GENERATING QUESTIONS: 

Proofread your questions so that you catch grammar and spelling mistakes.

Make your questions open-ended, i.e. not answerable with fact or by direct and immediate reference to the text.

Make sure your question doesn’t rely on information the rest of the class doesn’t have, OR give the class enough information and background to be able to engage the question. Make sure the question is answerable to start with, i.e., is not vague and does not rely on facts or assumptions not addressable within the confines of our class conversation.

Make reference to the text with quotes or page numbers: direct the class to look at a relevant passage, read it together out loud, and drill down into the writing and sentence structure itself to get at the problem you are looking at. Sometimes I refer to this model of reading theory as Talmudic. What I am trying to say is that we need not reserve close-reading practices to literature, particularly if we are interested in the refractive effects of language itself.

A good discussion question reframes some of the problems of the text and then tries to get at internal logical problems and paradoxes or to think through the consequences, implications and applications of the theory

As such, questions about “experience” or “responses” or “feelings” tend not to be helpful questions – try to step back from personal responses and instead focus on the intellectual shape of the ideas and argument.

Often we are tempted to ask the “what about” question: e.g., what about the people who are excluded from this theory? Although not an unreasonable question, asked in this manner this is not really a sophisticated question. 

It’s not the worst idea to make sure you have some thoughts about how to answer your questions before sending them on to your colleagues. However, sometimes you are just really stumped and need to work through this question with your classmates. That’s okay too.

Which brings me to: it is often smart and productive to write a preamble to a question.

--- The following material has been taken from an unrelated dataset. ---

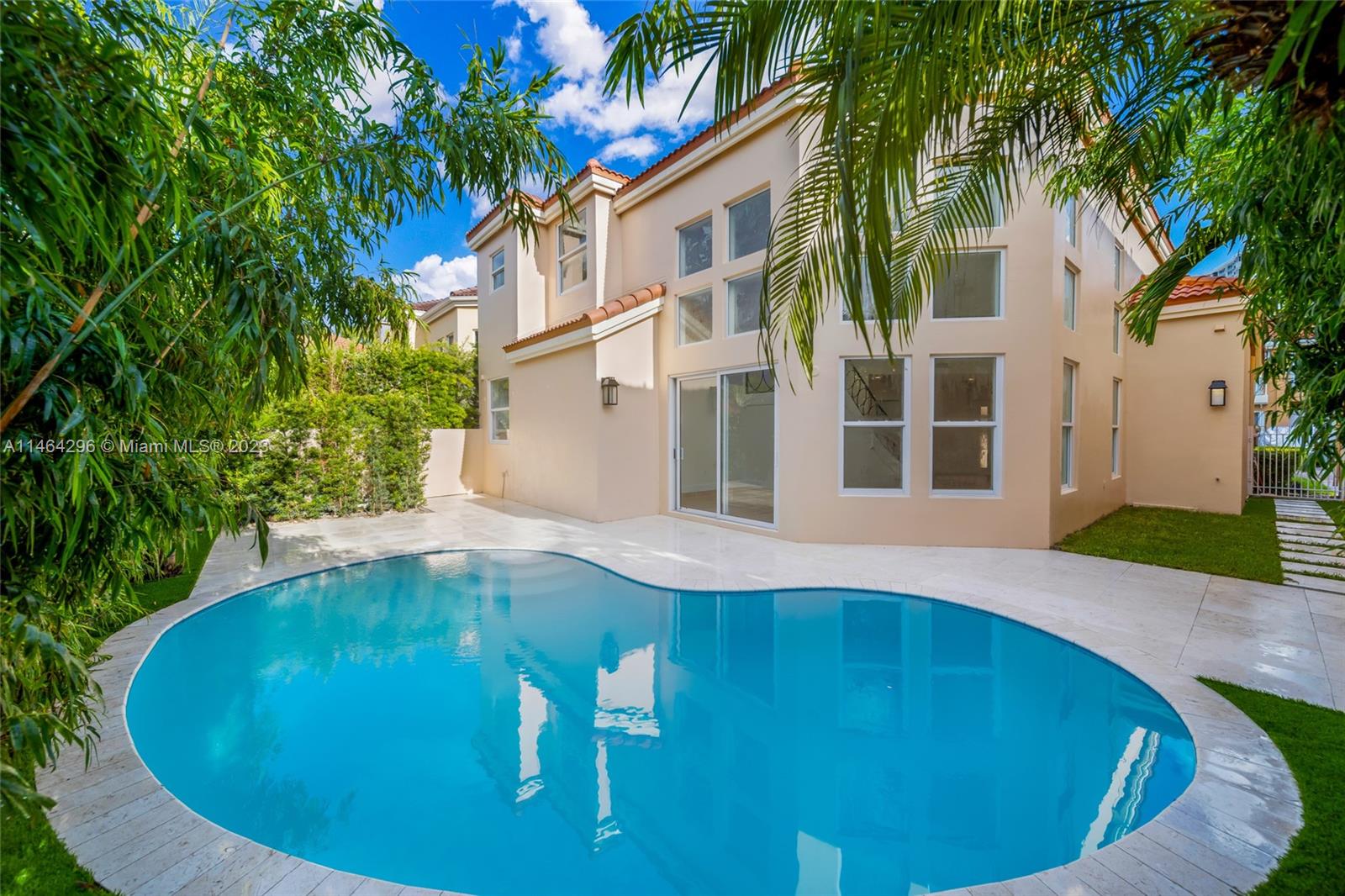 ISLAND WAY - Residential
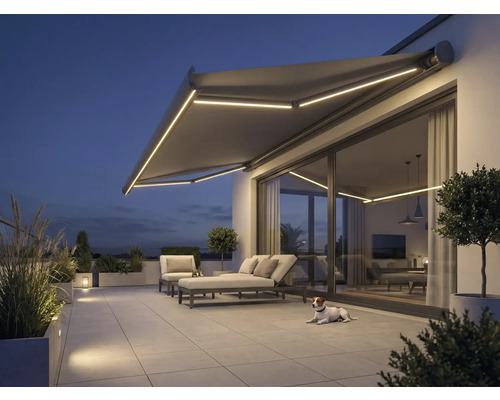 Terasa s markízou, záhradným nábytkom a osvetlením vo večerných hodinách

That preamble might be a short intellectual history of your questions, it might contextualize the text you are working with, or it might scaffold the question you want to ask by referring to other texts or many points in the same text. Don’t make this preamble so long that no-one can excavate the original question, however. Also….

If you can answer your question while you are writing it, you probably need to just state your point of view and move on to another, related, question.

Sometimes the question you write is simply the jumping-off point for more developed questions on the part of the class. That is fine! The point is to catalyze inquiry, not perform. mastery: good pedagogy means letting go of your ego-investments in your own ideas. 

Sometimes you are stuck with an instinct, a hunch, a nagging feeling and a half-formed question and you simply can’t move forward without thinking about it out loud. Bring those seemingly half-formed thoughts to the class: we will figure the direction or shape of your question together.

Finally: when you don’t get it, you don’t get it. Ask for help from the professor or your classmates, and feel free and supported in bringing your “I Don’t Get It” questions to class. We will all profit from these acts of intellectual humility and generosity.